> **SUPPLIED INFORMATION**:
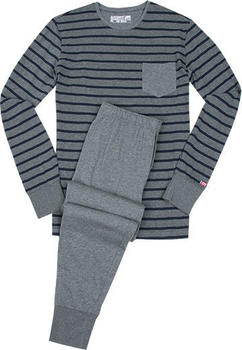 Jockey Cotton Nautical Stripe Full Knit Pyjama dark shadow melange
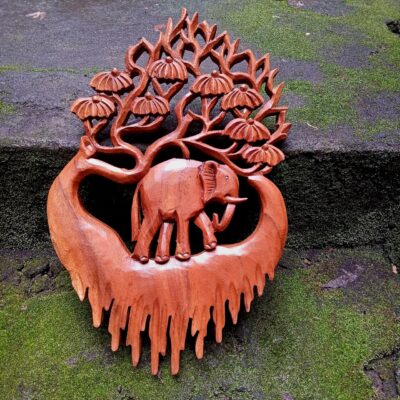 Elephant Wood Wall Art Decor,Elephant and Forest Wood Carving Panel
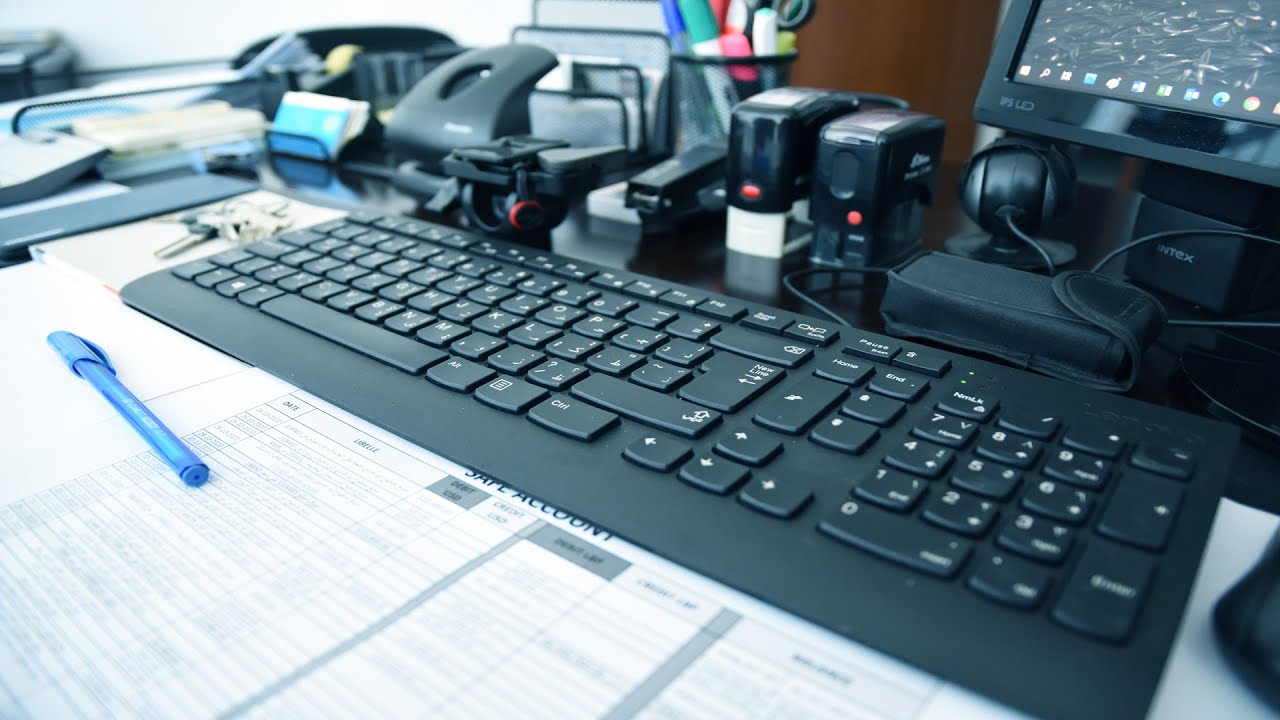 Office ASMR: Work With Me | Typing-Rubber Stamp-Envelopes-Calculator-Writing-Notes-Printer-Scissors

> **DESCRIPTION OF THE TASK**: Please write out all the data again word for word, but not the pictures.

> **EXERCISE RESULT**:
 Jockey Cotton Nautical Stripe Full Knit Pyjama dark shadow melange
 Elephant Wood Wall Art Decor,Elephant and Forest Wood Carving Panel
 Office ASMR: Work With Me | Typing-Rubber Stamp-Envelopes-Calculator-Writing-Notes-Printer-Scissors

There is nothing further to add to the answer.